Overview | Releases | Download | Docs | Links | Help | RecentChanges

Point 1 Setup

see also PointOneDcs

Introduction

All DAQ related servers, SBCs and ROSs are in USA15. We have 9 servers, pc-sct-mon-0n where n=1,9. Servers 1,2,3,4 and 9 are generally used for the barrel DAQ. Servers 5 and 6 are used for endcapC DAQ. Servers 7 and 8 are used for endcapA DAQ. For the physical layout of the ROD crates, SBCs, servers, and associated ROSs, see the sections below.

Barrel ROD crates

The shows which crates service which barrel modules, when viewed from the front of the crates:

Rack Y.23            | Rack Y.22
-------------------------------------------
SBC0                 | SBC1
sbc-sct-rcc-bc-02    | sbc-sct-rcc-ba-02
C-side USA15 modules | A-side USA15 modules
ROS pc-sct-ros-bc-01 | ROS pc-sct-ros-ba-01 
ROBid 0x2201nn       | ROBid 0x2101nn
REB port 16          | REB port 14
-------------------------------------------
SBC2                 | SBC3
sbc-sct-rcc-bc-01    | sbc-sct-rcc-ba-01
C-side US15 modules  | A-side US15 modules
ROS pc-sct-ros-bc-00 | ROS pc-sct-ros-ba-00
ROBid 0x2200nn       | ROBid 0x2100nn
REB port 15          | REB port 13
-------------------------------------------
Server pc-sct-mon-08 | Server pc-sct-mon-06
-------------------------------------------
Server pc-sct-mon-07 | Server pc-sct-mon-05
-------------------------------------------

EndCap ROD crates

The shows which crates service which endcap modules, when viewed from the front of the crates:

Rack Y.24-14         | Rack Y.25-14
-------------------------------------------
SBC7                 | SBC5
sbc-sct-rcc-eca-02   | sbc-sct-rcc-ecc-02
ROS pc-sct-ros-eca-01| ROS pc-sct-ros-ecc-01
12 RODs              | 11 RODs
ROBid 0x2301nn       | ROBid 0x2401nn
-------------------------------------------
SBC6                 | SBC4
sbc-sct-rcc-eca-01   | sbc-sct-rcc-ecc-01
ROS pc-sct-ros-eca-00| ROS pc-sct-ros-ecc-00
11 RODs              | 12 RODs
ROBid 0x2300nn       | ROBid 0x2400nn
-------------------------------------------
Server pc-sct-mon-02 | Server pc-sct-mon-04
-------------------------------------------
Server pc-sct-mon-01 | Server pc-sct-mon-03
-------------------------------------------

Working with the Barrels

The barrel DAQ is an SLC4 system running tdaq-01-08-03.

Working with Endcap A

The endcapA DAQ is an SLC3 system running tdaq-01-07-00.

Working with Endcap C

The endcapC DAQ is an SLC3 system running tdaq-01-07-00.

What to do in case of problems

First of all note there is NO ROOT access to point 1 machines, but there is some limited root functionality available via 'sudo'.

Your /tmp directory is full.

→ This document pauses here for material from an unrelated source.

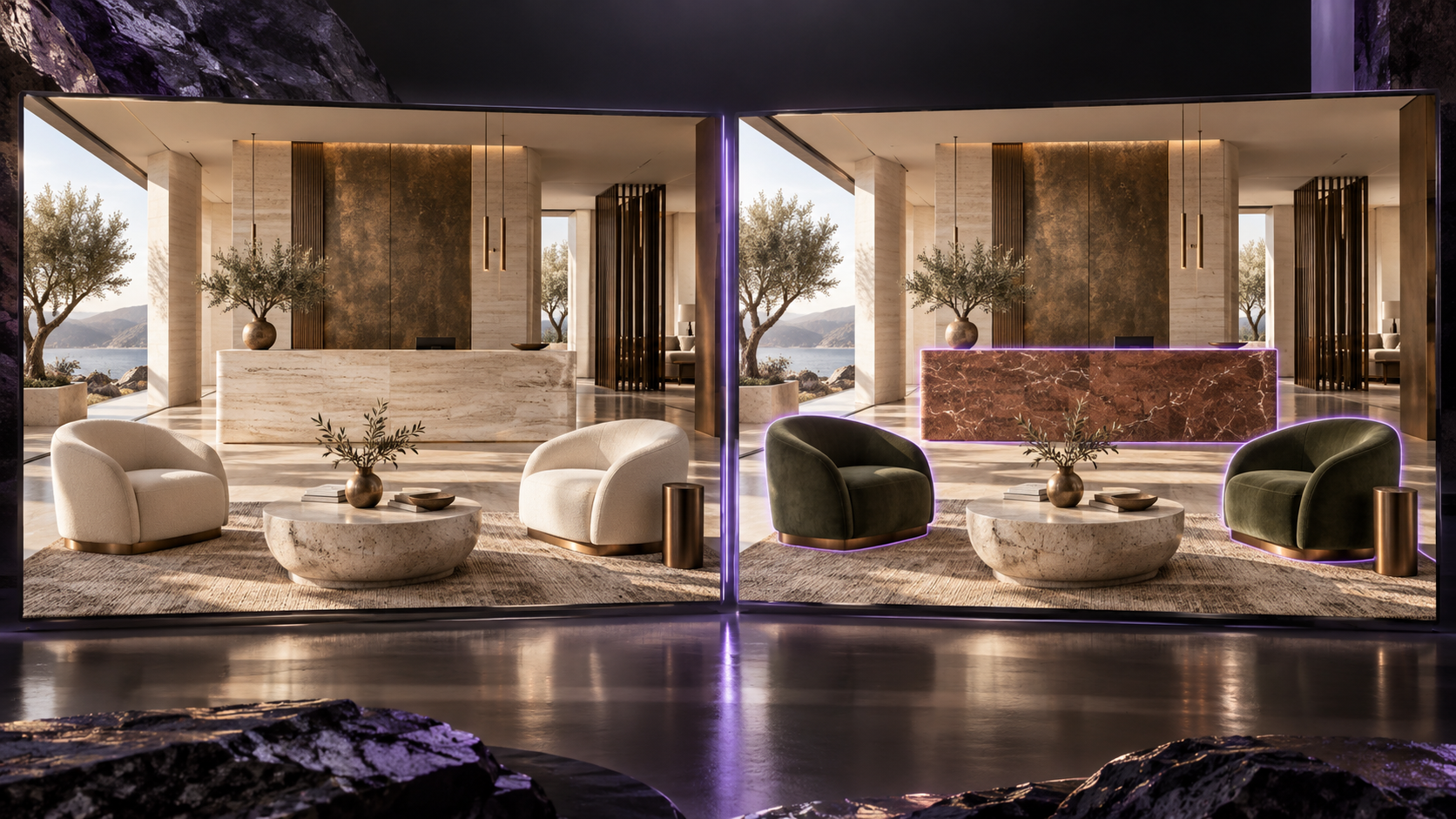 Concept illustration comparing pale and green lounge upholstery with a stone reception-desk finish change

Try clearing out some garbage and try again.
Eg remove the ConfigurationLog file if there is one, and it is probably
safe to empty the /tmp/backup directory.
Exit from the host machine and ssh back to it incluing the '-Y' option,
eg ssh -Y pcp-sct-mon-07
This is a known DDC problem and happens intermittently. A fix is pending.
Select ddc_ct in the Run Control hierachy in the IGUI and click the 
'Clear error' button.
Then do the same for the top level SCT, and then the RootController.
DDC commands cannot be sent from SctGUI, but DCS data will continue
to be dislayed.
The gui has probably hung as it is writing to a directory on a disk which 
has a stale nfs mount. Normally this results in an exception, and the gui
would still open, but under certain conditions the gui could hang. 
Try 'ls /alldisks/pc-sct-mon-09' and if nothing is visible, reboot pc-sct-mon-09. 
But if you do this, you might need to then reboot other machines (see below).
 rm_free_all_resources -p $TDAQ_PARTITION
Check that all the relevant servers and SBCs can see the logs directory.
For example, for the endcapC DAQ, the logs are in /alldisks/pc-sct-mon-05/logs. 
If this is not visible from the SBC, first try to ssh to pc-sct-mon-05 and 
see if the directory is there. 
If not, reboot pc-sct-mon-05 by typing 'sudo reboot'). 
Then reboot all machines in the endcapC DAQ (ie pc-sct-mon-06,
sbc-sct-rcc-ecc-01 and sbc-sct-ecc-ecc-02).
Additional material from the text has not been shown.